Richard Fuld Jr., the chairman and chief executive officer of Lehman Brothers, owns a primary home in Greenwich, Conn. with an indoor squash court, a $21 million Park Avenue co-op, a home in Vermont, another one on Sun Valley, Idaho, and another one in Jupiter Island, Fla., for which he paid $13.75 million in 2004, according to the Wall Street Journal.
But now that Mr. Fuld’s company has filed for bankruptcy, he and wife, Kathy Fuld, are trying to find ways to cash out like the rest of the city. And while they will not be selling any of those fancy homes (yet!), they will auction off their highly prized modern art collection. In early August, the Fulds reportedly put up 16 postwar drawings for sale at Christie’s. The auction house wouldn’t confirm the identity of the sellers to WSJ, but revealed that the works are worth between $15 and $20 million, and include drawings by Arshile Gorky, Willem de Kooning, and Barnett Newman.
While Mr. Fuld continues to arrive at his corner office on the 31st floor of Lehman’s Midtown Manhattan headquarters every day, his net worth has plummeted significantly. (In February 2007 his shares of the company were worth $86.18; today they trade for 33 cents.) The journal also notes that while Mrs. Fuld is a well-known art collector and Museum of Modern Art Trustee, she is not known for selling works of art.

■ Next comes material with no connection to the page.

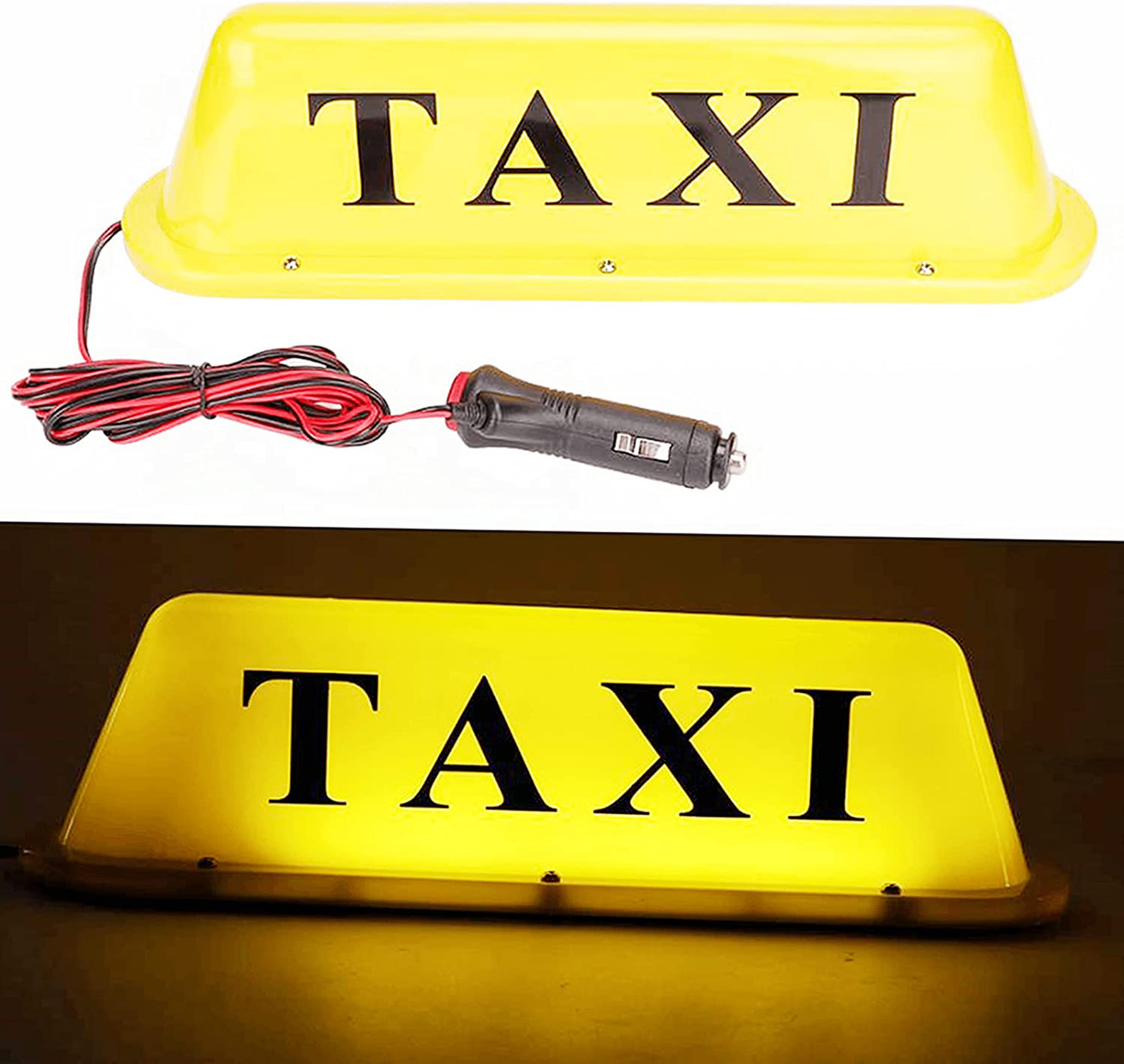 Taxi Sign Lamp, Taxi LED Light 12V LED Magnetic Taxi Sign Roof Top Car Super Bright Light Lamp with Cigar Lighter Taxi Windscreen Cab Indicator S-image-558938318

(Former Lehman President Joe Gregory has also reportedly been selling off his assets, placing a $32.5 million Hamptons home and another one in Vermont on the market, and selling a private helicopter that he used to commute to work every day from Huntington, N.Y.)
With most of Manhattan scrambling for financial safety right now, one might ask just who has the means to buy such works of art, if the president of Lehman Brothers cannot afford to hang on to them. The answer is hardly surprising: the Europeans.
The Fulds will reportedly take their collection to bidders in Moscow and London before bringing them back for an auction in New York on Nov. 12. All of which makes us wonder if the Fulds might have their eye on two particular bidders who split their time between London and Moscow: Russian billionaire Roman Abramovich and his girlfriend Dasha Zhukova, a designer of the label Kova & T (worn by Mary-Kate Olsen and Kate Moss), who has also recently opened an art gallery in Moscow called The Garage with her boyfriend’s help. The gallery’s soft opening in June, attracted notable names like Ronald Lauder, Larry Gagosian, Barbara Bush, Steven Cohen and Jeff Koons and earned her profiles in the Times, WSJ, and The Guardian. (The opening of Mr. Gagosian’s Moscow-based gallery’s exhibition titled "for what you are about to receive" on September 17, which Paul Sevigny DJed, was also attended by high-profile guests like Takashi Murakami, Natalia Vodianova, Patrick Demarchelier, Leelee Sobieski and and Vito Schnabel.)
According to the Times profile of Ms. Zhukova, her arrival at Art Basel in Switzeland with Mr. Abramovich this past year got more attention than that of Brad Pitt or Sofia Coppola. Mr. Abramovich has also made headlines by purchasing a Degas for $26.5 million, a Francis Bacon triptych for $86.3 million, and a painting by Lucian Freud for $33.6 million in recent auctions. And so it is hardly a stretch to imagine that Mr. Abramovich–who also paid Amy Winehouse a reported $2 million to perform at his girlfriend’s gallery’s opening–will buy her some pretty drawings from the chairman of Lehman Brothers.
And with Russians taking over the real estate market in New York, it is no surprise that Manhattan’s art market is next.